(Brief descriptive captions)
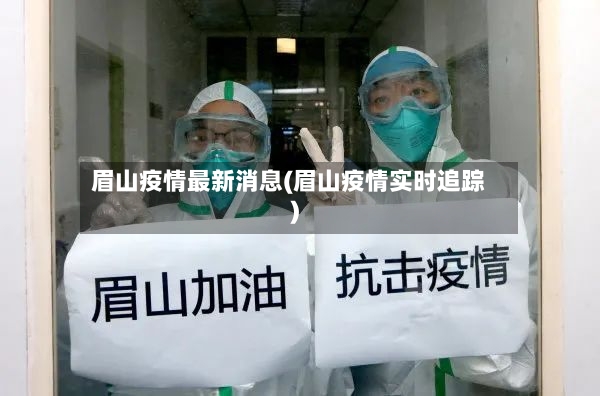 眉山疫情最新消息(眉山疫情实时追踪)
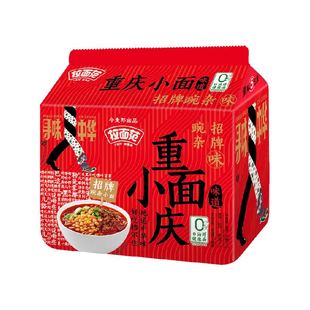 【张凌赫】今麦郎拉面范寻味中华重庆小面 豌杂面118g*5包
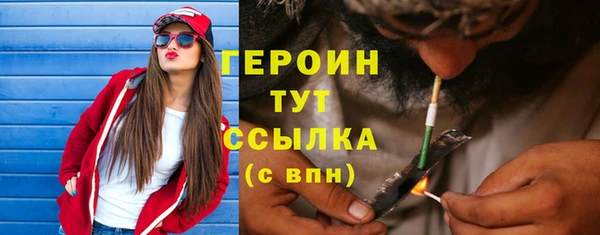 экстази Коряжма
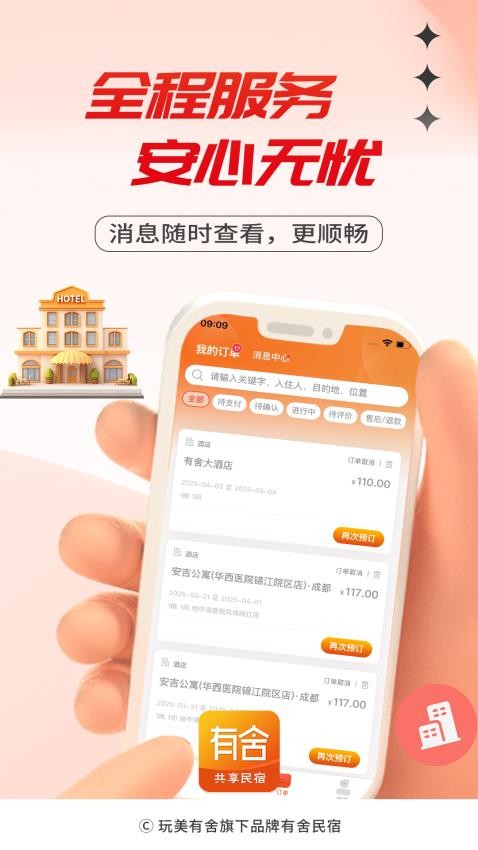 有舍app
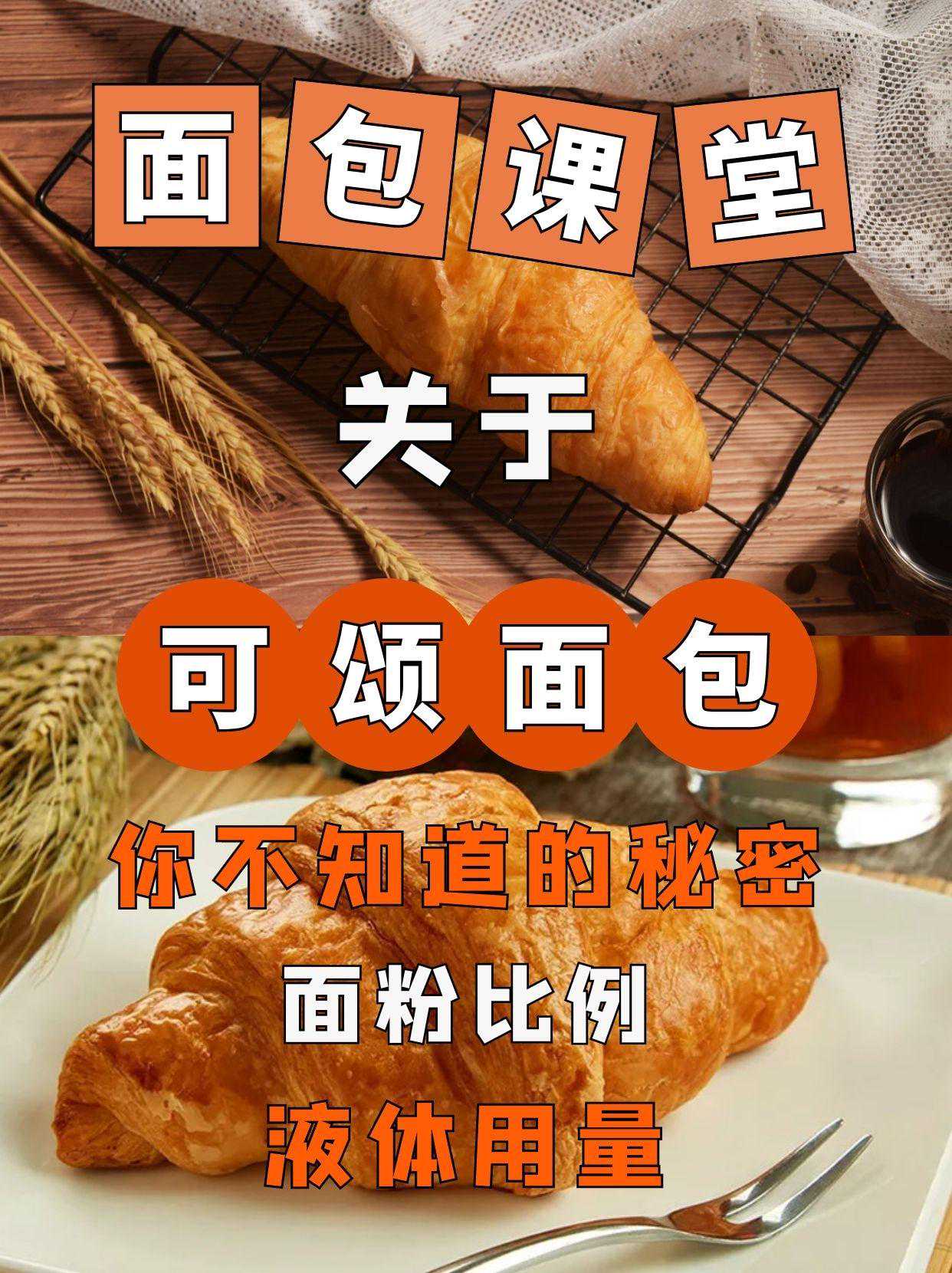 关于可颂的秘密，你不知道的烘焙知识！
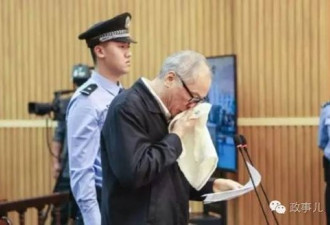 贪一吨多百元钞票 大老虎如何挥霍？
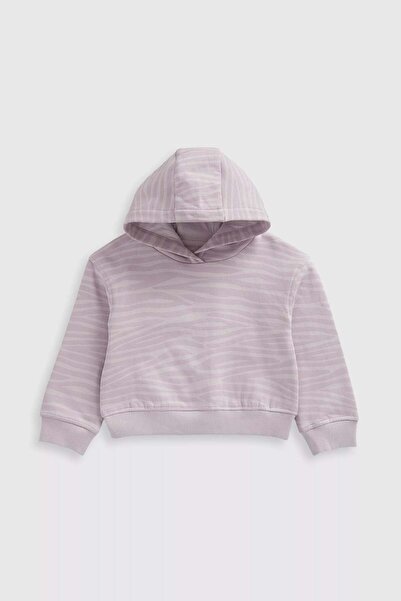 MOTHERCARE Zebra Print Hoodie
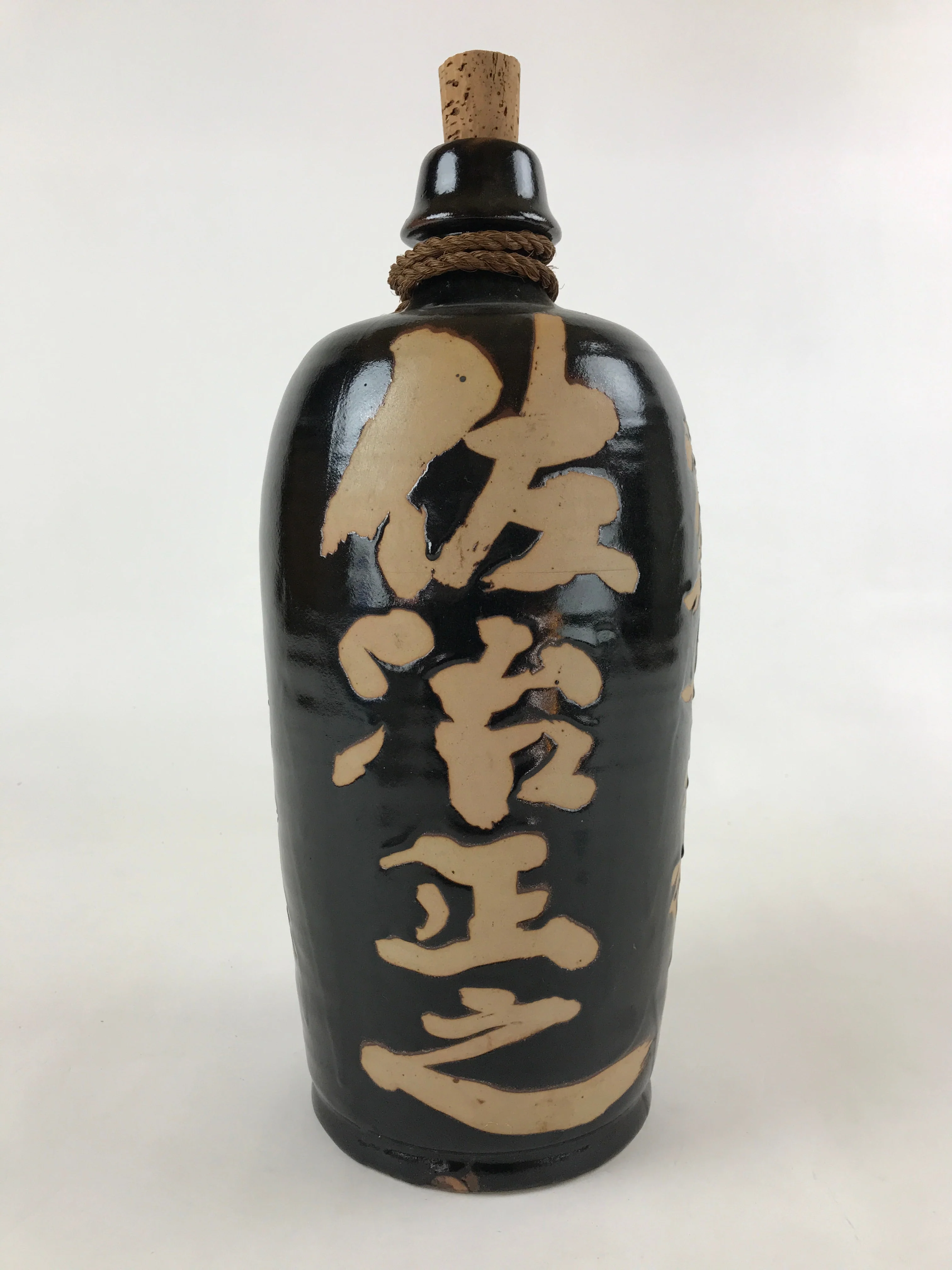鸛 sake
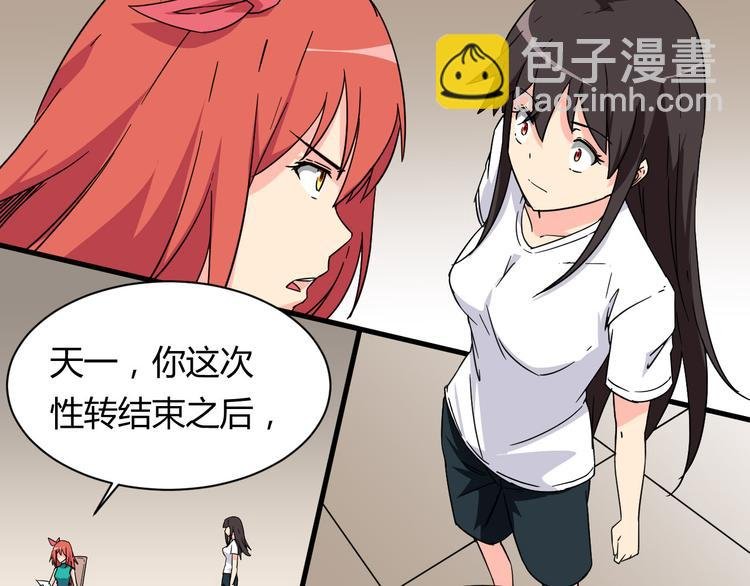 第21话 去庙会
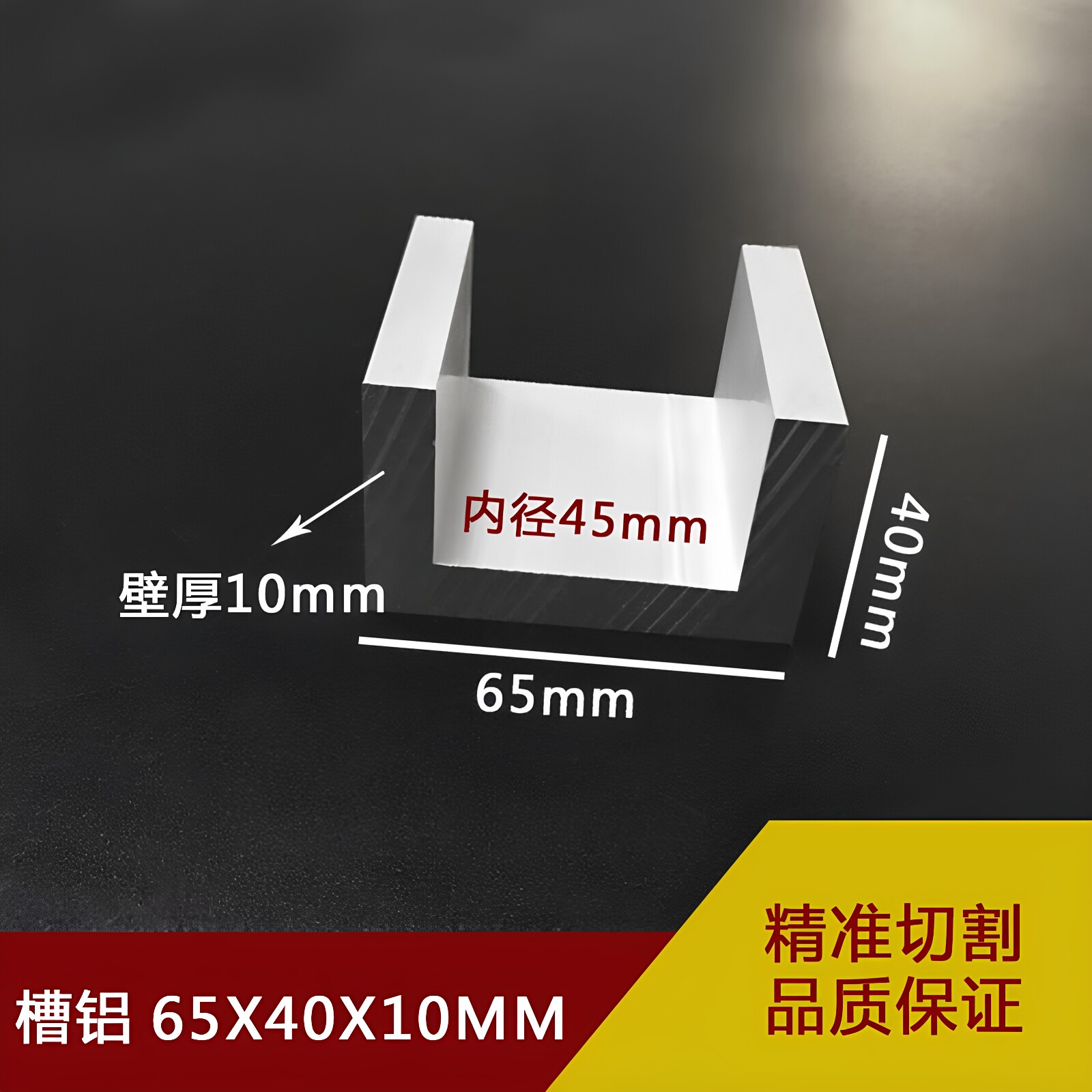 铝合金U型槽铝65×40×10mm内径45mm工业槽铝型材65*40*10mm滑槽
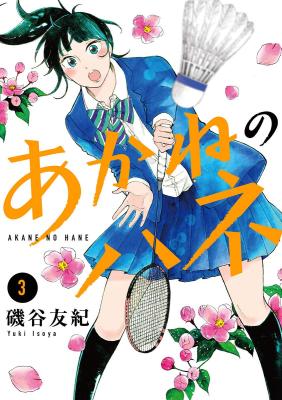 Reading Manga Akane no Hane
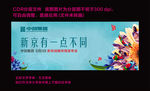 地产发布会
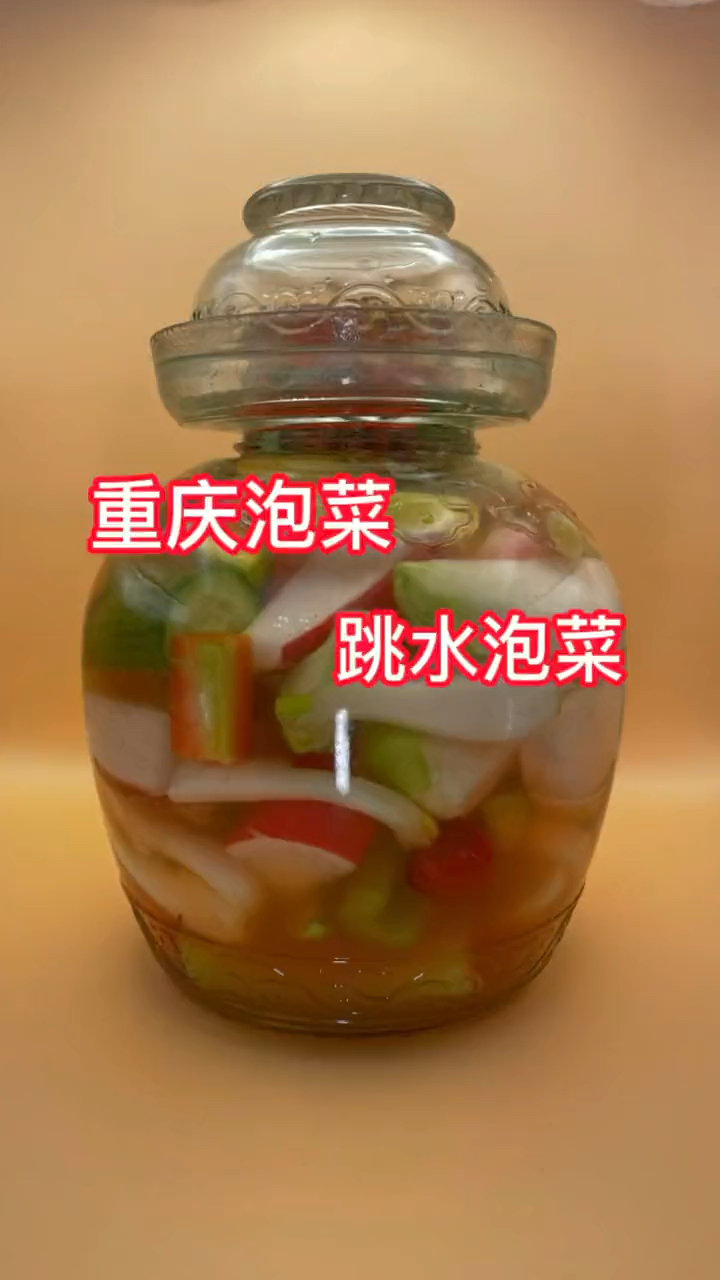 重庆泡菜的制作方法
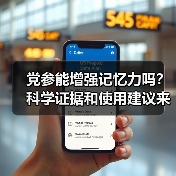 党参能增强记忆力吗？科学证据和使用建议来了（图3）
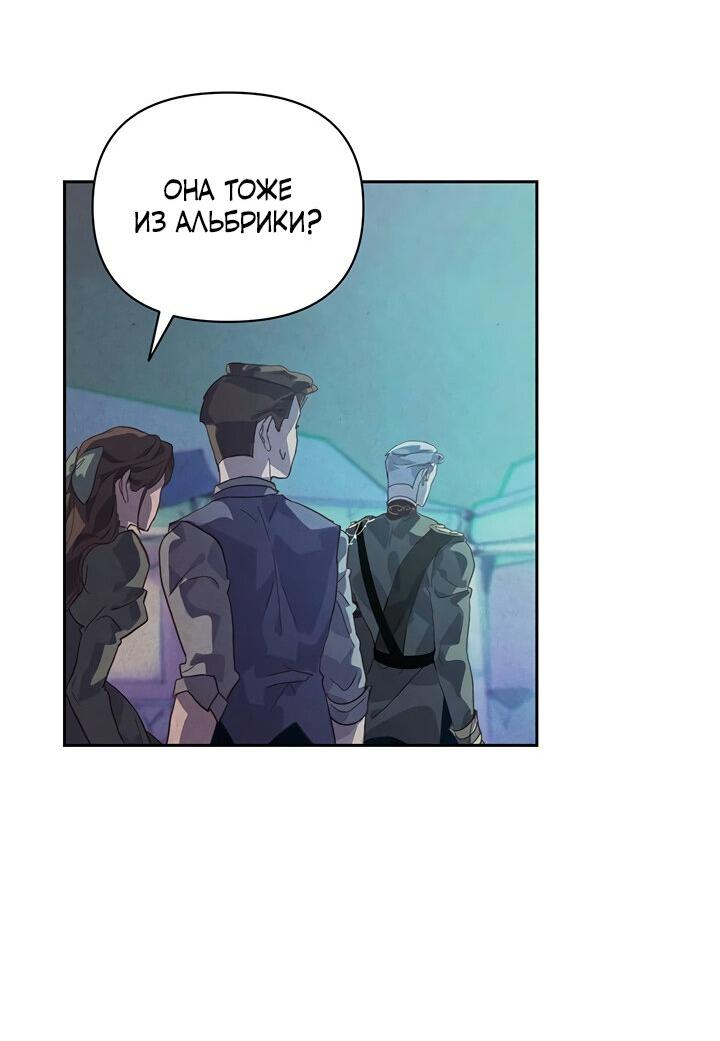 Манга Эффект клейма - Глава 41 Страница 60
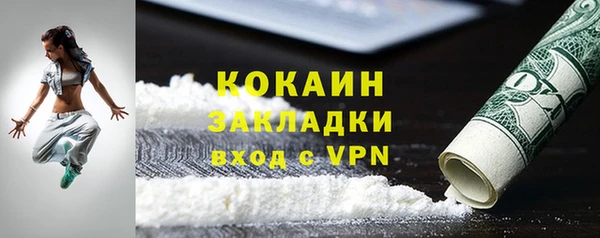 a pvp Баксан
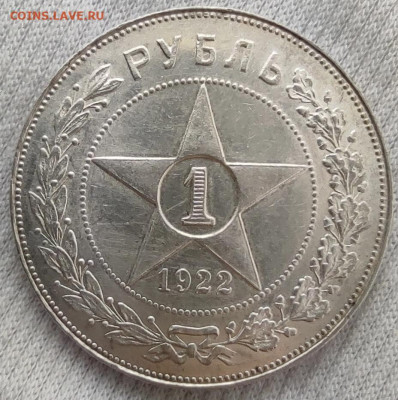 Рубль 1922 года ПЛ Полуточка До 12.11.22 в 22.00 МСК - ECCC77F6-BDA8-4403-934A-8A1BA116BB56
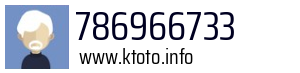 786966733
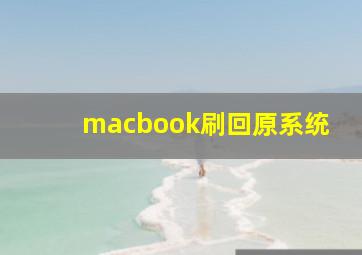 macbook刷回原系统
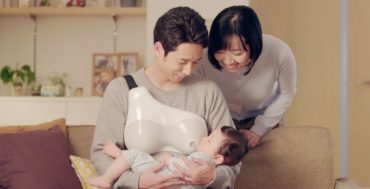 เครื่องมือช่วยผู้ชายให้นมลูก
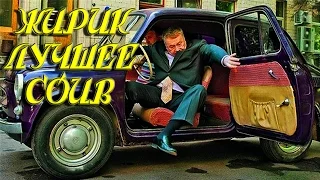 Жириновский Coub best лучшее нарезка подборка compilation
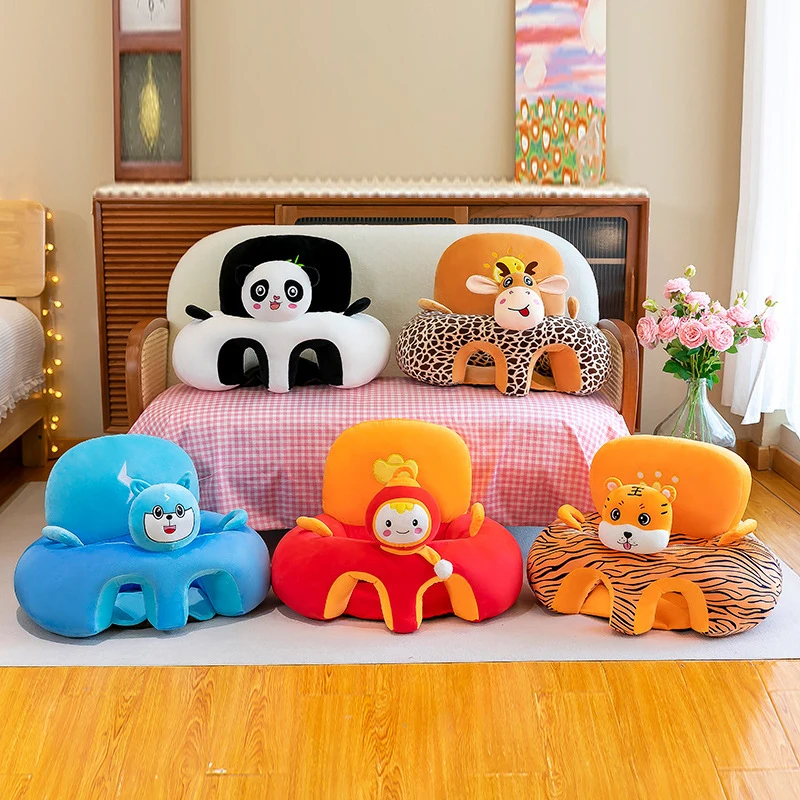 Funda de asiento de apoyo para sofá de bebé, silla de felpa, aprender a sentarse, cómoda, nido de dibujos animados para niños pequeños, lavado sin relleno, cuna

▶ _YOUR ASSIGNMENT_: Copy the records exactly; no image should appear in the result.

▶ _TASK ANSWER_:
 眉山疫情最新消息(眉山疫情实时追踪)
 【张凌赫】今麦郎拉面范寻味中华重庆小面 豌杂面118g*5包
 экстази Коряжма
 有舍app
 关于可颂的秘密，你不知道的烘焙知识！
 贪一吨多百元钞票 大老虎如何挥霍？
 MOTHERCARE Zebra Print Hoodie
鸛 sake
 第21话 去庙会
 铝合金U型槽铝65×40×10mm内径45mm工业槽铝型材65*40*10mm滑槽
 Reading Manga Akane no Hane
 地产发布会
 重庆泡菜的制作方法
 党参能增强记忆力吗？科学证据和使用建议来了（图3）
 Манга Эффект клейма - Глава 41 Страница 60
 a pvp Баксан
 Рубль 1922 года ПЛ Полуточка До 12.11.22 в 22.00 МСК - ECCC77F6-BDA8-4403-934A-8A1BA116BB56
 786966733
 macbook刷回原系统
 เครื่องมือช่วยผู้ชายให้นมลูก
 Жириновский Coub best лучшее нарезка подборка compilation
 Funda de asiento de apoyo para sofá de bebé, silla de felpa, aprender a sentarse, cómoda, nido de dibujos animados para niños pequeños, lavado sin relleno, cuna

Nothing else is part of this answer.